Can you explain please?

Paul Randal says:

August 10, 2015 at 3:44 PM

They're the same thing. (And thanks!)

Jacob says:

September 9, 2015 at 9:19 PM

In relation to DOP, within a query plan your explanation suggests that once DOP is calculated it is fixed for the entire plan.

That is let's say DOP based on available threads etc. gets calculated at 4, does that mean all operators capable of parallelism will go parallel with 4 theads regardless of the operator cost? Or will some operators go more parallel than others with some not going parallel at all?

Also to add to my confusion you reference jonathan"s blog whose query pulls operator costs from already parallel plans, but isn't this largely irrelevant given it is the serial cost that dictates CTFP not the operator cost?

Hopefully you can clarify my confusion.

Paul Randal says:

September 13, 2015 at 11:04 PM

Once the DOP is fixed, operators can use up to (2 x DOP) + 1 threads during plan execution. DOP is set for each batch. Nope – using the costs from the parallel plan is just as good a way to set CTFP.

Jacob says:

September 14, 2015 at 9:57 AM

Thanks for the reply.

Does the 2*DOP + 1 come from Producers and Consumers, and you also say "up to" implying some operators go less parallel, based on cost I assume?

In terms of the parallel cost, I don't think that is correct see this post for example http://www.brentozar.com/archive/2014/11/sql-server-cost-threshold-for-parallelism/, to quote the relevant section:
"Behind the scenes, the optimizer is considering many possible plans. The Cost Threshold for Parallelism setting comes into play during that process and uses costs [namely serial cost] that you don’t see in the final plan."

Paul Randal says:

September 14, 2015 at 10:19 AM

It depends on the operator how many threads it will need. A simple scan might just use DOP + 1.

For the CTFP, Brent's saying the same as me – CTFP is based on the cost of a serial plan as to whether the optimizer produces a parallel plan or not.

I and Jon are saying that you can tweak CTFP based on the costs from the parallel plan and it's good enough. You really have no choice, as there aren't any other costs you can get from plans in the plan cache that have already gone parallel.

Jacob says:

September 14, 2015 at 11:11 AM

Thanks Paul

Vasya says:

June 6, 2016 at 10:42 AM

Thanks for the post.

Is this the right way to do? – cxpacket is one of top waits on the server.
i determine, which queries face this wait type.
Then i run them several times with option (MAXDOP 1,2,4,8……etc) and set statistics time on.
To see wich degree of parallelism will work fastest. (Wa are talking about situation, when there is no table scan)
as i go from 1 to 8 CPU time increases and elapsed time decreases.
Should i use the sum of these two values to determine the best result?

Paul Randal says:

June 6, 2016 at 4:11 PM

It depends what you're trying to do. You need to pick the DOP that lets your overall workload perform best, but that's putting it very, very simplistically. Sounds like you need a higher DOP (without having any other info apart from what you've provided). No – don't sum them – they're different things. For a CPU-bound query, which it sounds like yours is, CPU time (the sum of all the time used by all processor cores) will increase as you allow more processor cores to be used. If that makes elapsed time decrease (which it will commonly do), and that helps the overall workload, that's a good thing. And of course, make sure that the query plan is actually what you'd expect for the T-SQL you're executing – just because it's running in parallel doesn't mean that a parallel plan is the most optimal.

Rupesh says:

December 29, 2017 at 9:04 AM

Hi Paul,

In my environment; MAXDOP was set to 4 and the 16vCPU are there. My question is that when i am firing a insert statement in a database it is taking total 21 threads. As per the baove explanation the total no of thread should be 9(2*DOP+1).

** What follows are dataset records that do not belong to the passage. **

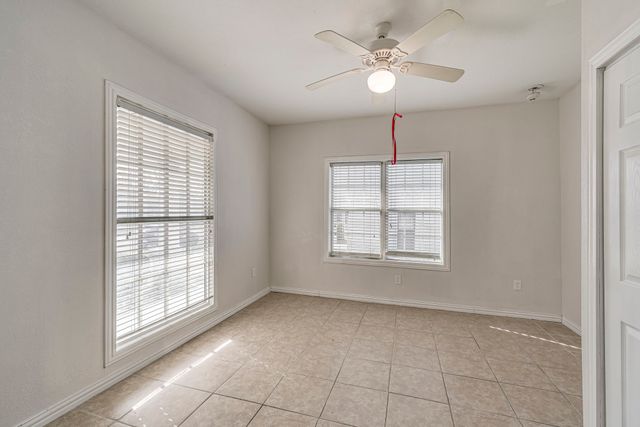 323 W University Avenue, Waxahachie, TX 75165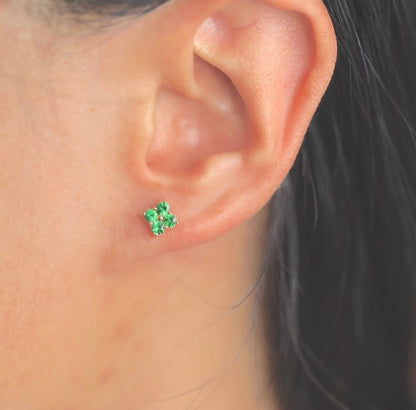 K18YG ピアス ツァボライト スタッドピアス クローバー 四つ葉 四ツ葉 花 グリーン 緑 イエローゴールド 18金 18K ミニ 小さい シンプル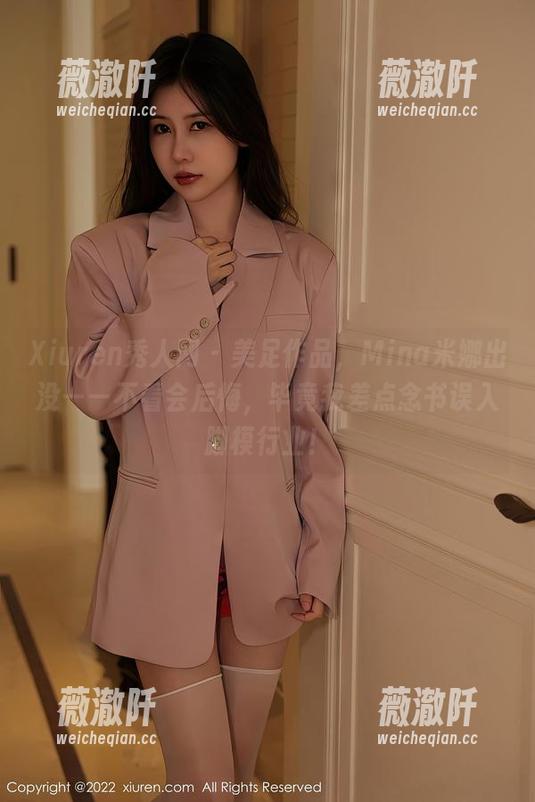 Xiuren秀人网 - 美足作品，Mina米娜出没——不看会后悔，毕竟我差点念书误入脚模行业！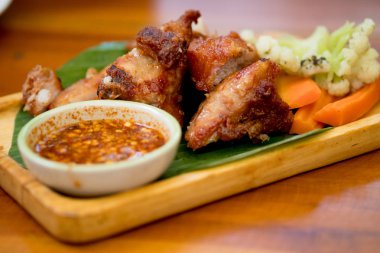 Balık soslu kızarmış domuz kaburgası ve acılı sos.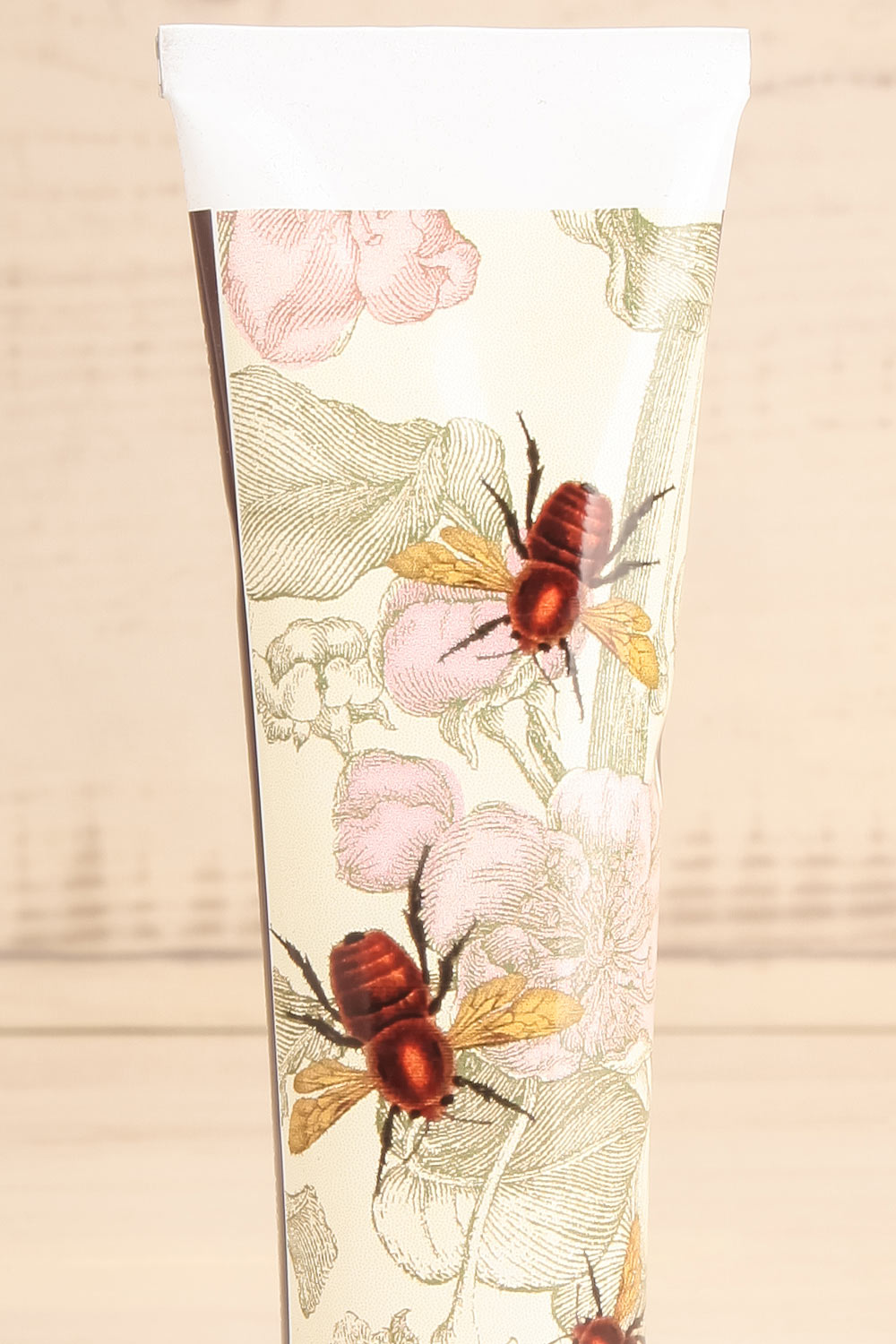 Handcream - Honey & The Moon close-up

Could you please explian this.

Paul Randal says:

December 29, 2017 at 7:46 PM

That's the maximum number of threads per operator, not per plan. Depends on the number of parallel zones and other things too.

Joel Paula says:

January 19, 2018 at 12:52 PM

Could the origin of the parallelism be the fact that my database is partitioned into 8 files, across 4 disks, and that my tempdb database is partitioned across 8 files in another disk?

Paul Randal says:

January 19, 2018 at 4:36 PM

No – the query optimizer knows nothing about the storage layout when compiling the query plan.

Iliyan Rashev says:

February 22, 2018 at 1:28 PM

As usually great article Paul, it helped me a lot.
I just have one question or an advice for the below situation:
Physical Box, 512GB RAM, 80 Cores grouped by 10 in 8 NUMA nodes.
The SQL Server is using in total 40 Cores from only 4 NUMA nodes.
Each 5 cores from a NUMA node is assigned essentially to "Processor Affinity" and "I/O Affinity"(we have the Affinity off for Processor and I/O). I have set the MAXDOP value to 5 to limit the parallelism to only one NUMA node – but do you think this is kind of the best starting value for MAXDOP in this situation.
@I have read somewhere that it is recommended to limit the parallelism to the number of cores in one NUMA node. But since from one NUMA node I only have 5 cores related to Processor affinity – I have set the MAXDOP to 5. Should've started with some higher value or not?
What will be your advice in this situation?
Thanks in advance for your reply
Iliyan Rashev

Paul Randal says:

February 24, 2018 at 1:58 PM

That's what I'd start at, but you have a very unusual configuration (with half the processors set to I/O affinity only) so I'd want to investigate why you've configured things that way and probably change it. Not something we can do over comments on a blog post I'm afraid.

Manoj Nirmal says:

April 3, 2018 at 9:22 PM

thanks for the great article Paul.I need help on one scenario in our project. We have our Dev & Test servers with 112 GB RAM and 16 vCPUs configuration. We have our Dev server with max DOP as 8 and Test has 2 . When we run one critical functionality which process 33k data is taking more time in dev than test. When we change the MaxDOP in dev to 2 it is running fast. Please let me know to understand this scenario. More maxdop should have good performance right? Please help. this query which is taking more time is having all temp tables and no query plan.

Paul Randal says:

April 6, 2018 at 9:13 PM

Hi Manoj – no, it depends on the query plan and the operations being done whether higher DOP will be faster than lower DOP – there's no guarantee. It sounds like this query may not benefit from parallelism so forcing a lower DOP or increasing cost threshold for parallelism may be called for. Very hard to give detailed advice without looking at the query in more depth I'm afraid.

Manoj Nirmal says:

April 6, 2018 at 10:01 PM

HI Paul,
Thank you for the reply. I have tried lowering the Max DOP using "Option (MaxDoP 2)" and the query worked well. Do you see any issue going with this way. Just trying to know more about this method.

Paul Randal says:

April 6, 2018 at 10:29 PM

Nope – that's a good way to do it for individual queries.

Comments are closed.